Data listing:
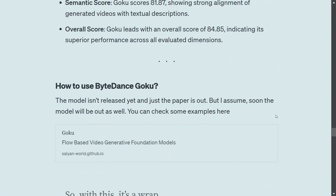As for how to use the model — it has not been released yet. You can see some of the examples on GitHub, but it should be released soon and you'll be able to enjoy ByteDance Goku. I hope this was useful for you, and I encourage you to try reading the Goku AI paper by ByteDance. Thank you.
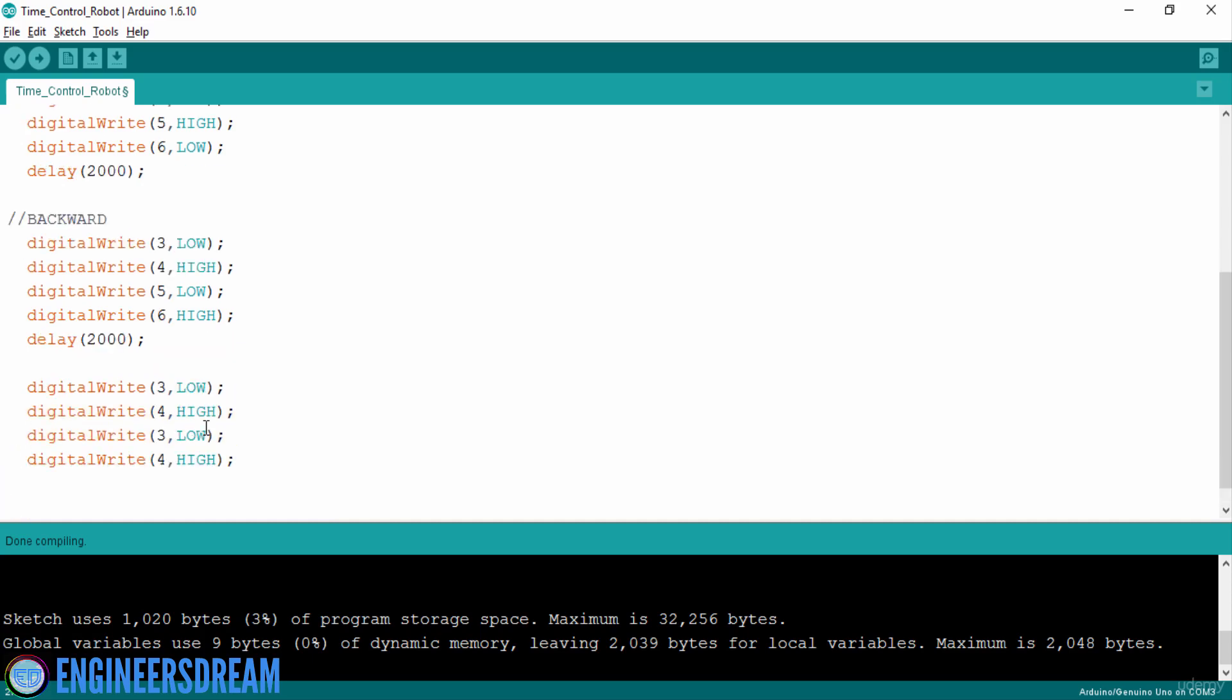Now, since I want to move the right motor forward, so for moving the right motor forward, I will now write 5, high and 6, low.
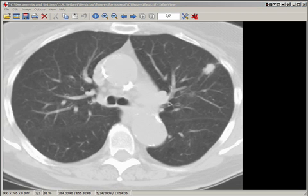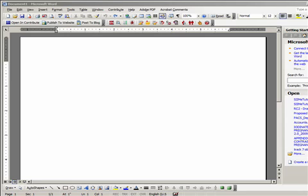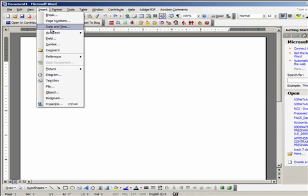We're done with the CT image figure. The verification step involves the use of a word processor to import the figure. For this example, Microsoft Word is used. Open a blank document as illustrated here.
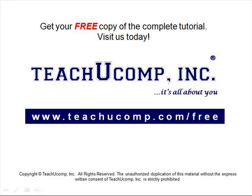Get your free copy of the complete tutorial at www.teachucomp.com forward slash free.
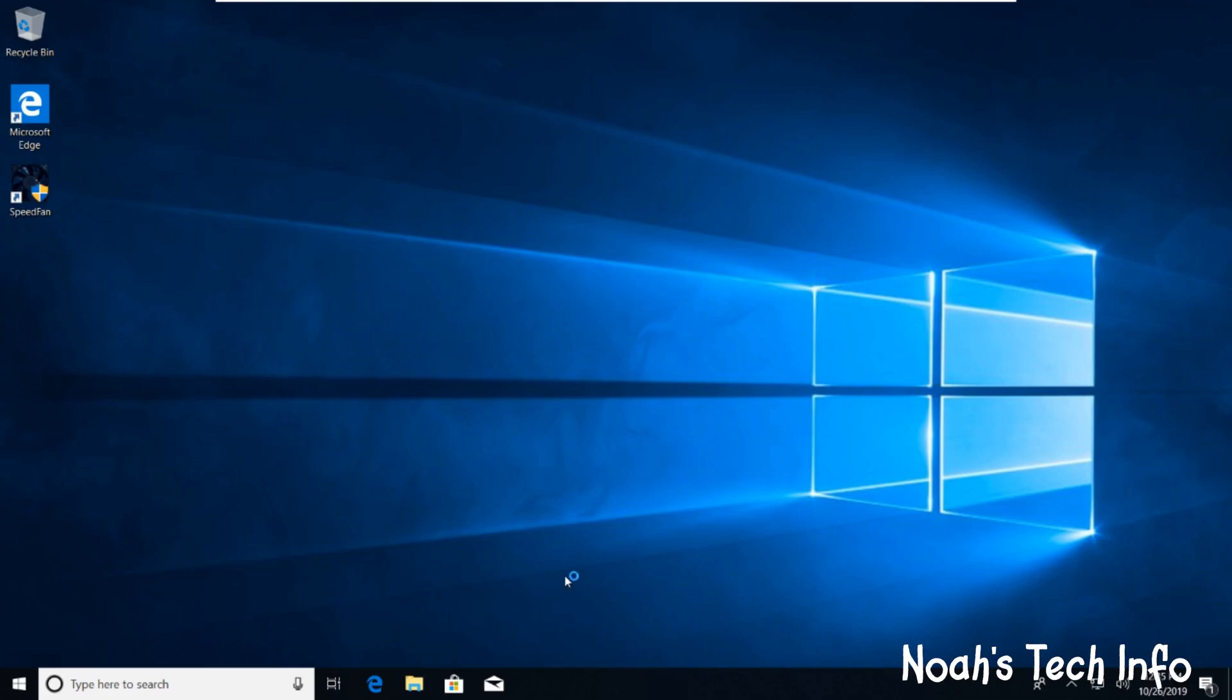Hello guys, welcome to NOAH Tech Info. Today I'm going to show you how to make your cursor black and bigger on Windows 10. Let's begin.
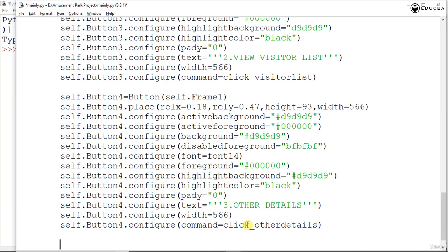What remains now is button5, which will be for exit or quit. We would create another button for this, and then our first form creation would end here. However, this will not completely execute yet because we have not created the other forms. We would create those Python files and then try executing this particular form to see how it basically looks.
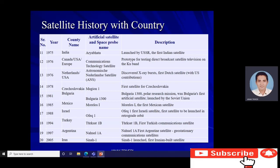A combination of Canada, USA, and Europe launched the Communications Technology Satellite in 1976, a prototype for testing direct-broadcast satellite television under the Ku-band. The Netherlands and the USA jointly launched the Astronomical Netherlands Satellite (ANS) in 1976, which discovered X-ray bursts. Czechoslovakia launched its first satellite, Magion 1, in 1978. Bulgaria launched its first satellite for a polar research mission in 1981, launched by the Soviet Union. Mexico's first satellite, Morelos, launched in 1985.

==

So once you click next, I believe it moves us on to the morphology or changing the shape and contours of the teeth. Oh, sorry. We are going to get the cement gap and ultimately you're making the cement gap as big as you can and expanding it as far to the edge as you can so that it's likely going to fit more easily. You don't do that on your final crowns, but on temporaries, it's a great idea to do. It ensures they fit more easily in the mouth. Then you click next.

What is needed: Only one stretch of the material above is wanted: the line containing "Now, since I" through the line containing "A combination of". Restate it word for word, minus the pictures.

Answer below:
Now, since I want to move the right motor forward, so for moving the right motor forward, I will now write 5, high and 6, low.
We're done with the CT image figure. The verification step involves the use of a word processor to import the figure. For this example, Microsoft Word is used. Open a blank document as illustrated here.
Get your free copy of the complete tutorial at www.teachucomp.com forward slash free.
Hello guys, welcome to NOAH Tech Info. Today I'm going to show you how to make your cursor black and bigger on Windows 10. Let's begin.
What remains now is button5, which will be for exit or quit. We would create another button for this, and then our first form creation would end here. However, this will not completely execute yet because we have not created the other forms. We would create those Python files and then try executing this particular form to see how it basically looks.
A combination of Canada, USA, and Europe launched the Communications Technology Satellite in 1976, a prototype for testing direct-broadcast satellite television under the Ku-band. The Netherlands and the USA jointly launched the Astronomical Netherlands Satellite (ANS) in 1976, which discovered X-ray bursts. Czechoslovakia launched its first satellite, Magion 1, in 1978. Bulgaria launched its first satellite for a polar research mission in 1981, launched by the Soviet Union. Mexico's first satellite, Morelos, launched in 1985.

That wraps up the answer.